Ms. Morgan-Jones says nearly all Edinburgh prostitutes provide their customers with condoms. She says local prostitutes have become skillful negotiators for safer sex and will sometimes turn down recalcitrant customers.
It's a serious issue. Ms. Morgan-Jones estimates there are 250,000 to 400,000 "commercial sexual contacts" a year in Edinburgh. The last study, done five years ago, turned up 17 prostitutes with HIV infections.
And ScotPEP does not shrink from extremely sensitive issues: "We have a policy of not refusing to work with somebody under the age of consent," Ms. Morgan-Jones says.
"If we find a young boy of 14 who is working, we will give him condoms and we will give him information on how to protect himself.

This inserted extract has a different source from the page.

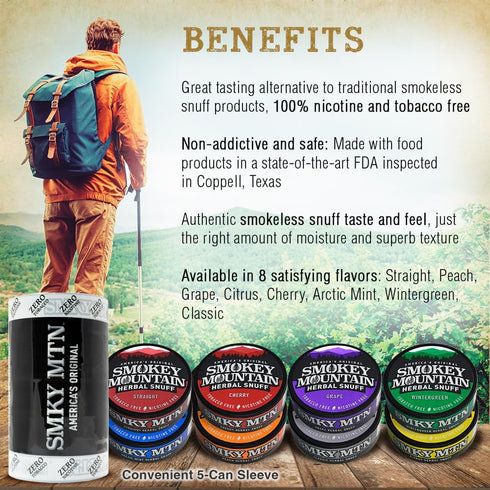 Smokey Mountain Herbal Long Cut Straight Snuff, 5 Can Box, Tobacco Free and Nicotine Free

"Our role is to prevent HIV within the sex industry," she says. "And we see that being only possible if we're prepared to accept the people who work."
End of the cycle
At the end of the cycle, the extraordinary Milestone House provides the only hospice in Scotland for people with AIDS and HIV. Milestone House aims to help residents and their families and friends and children approach death with as little pain and as much comfort and dignity as possible.
Designed specifically as an HIV/AIDS hospice and opened in 1991, Milestone House provides 20 beds in four handsome bungalows joined by two bright and airy conservatories to a central service block. Built of honey-colored brick and light wood and lots of glass, Milestone House is warm and light-filled, and the rooms are as cheerful and comfortable as they can be in a place where death is often the only way out.
Dr. Linda MacCallum, the buoyant, unprepossessing general practitioner who has been at Milestone House since it opened, says 230 people have come for 830 admissions.
Some come to give their care-givers a few days or weeks of respite, some for convalescence after treatment. Some come to die.
Dr. MacCallum has seen 37 of her patients die at Milestone.
"We're very lucky," she says. "Of the group we look after, the majority of them do have family about. Classically, if we have somebody dying, we've had 20 or 30 members of the family here, and 10 or 12 sleeping in the building as well."
There's a guest room in each bungalow and a lounge, and nobody minds if the family sacks out in sleeping bags on the floor. The average age at death is 32. There are often lots of young children. The lounge at the end of one bungalow has been turned into a kindergarten with dolls and a giant stuffed hippo and all manner of playthings.
And Milestone House doesn't immediately shove the dead into a plastic bag to be whisked away like contaminated trash.
"We have our own mortuary here," Dr. MacCallum says. "We do allow the viewing in the rooms.
"Patients will come in here. They will stay here. They will die here. They will have their service here. And they will leave by the front door."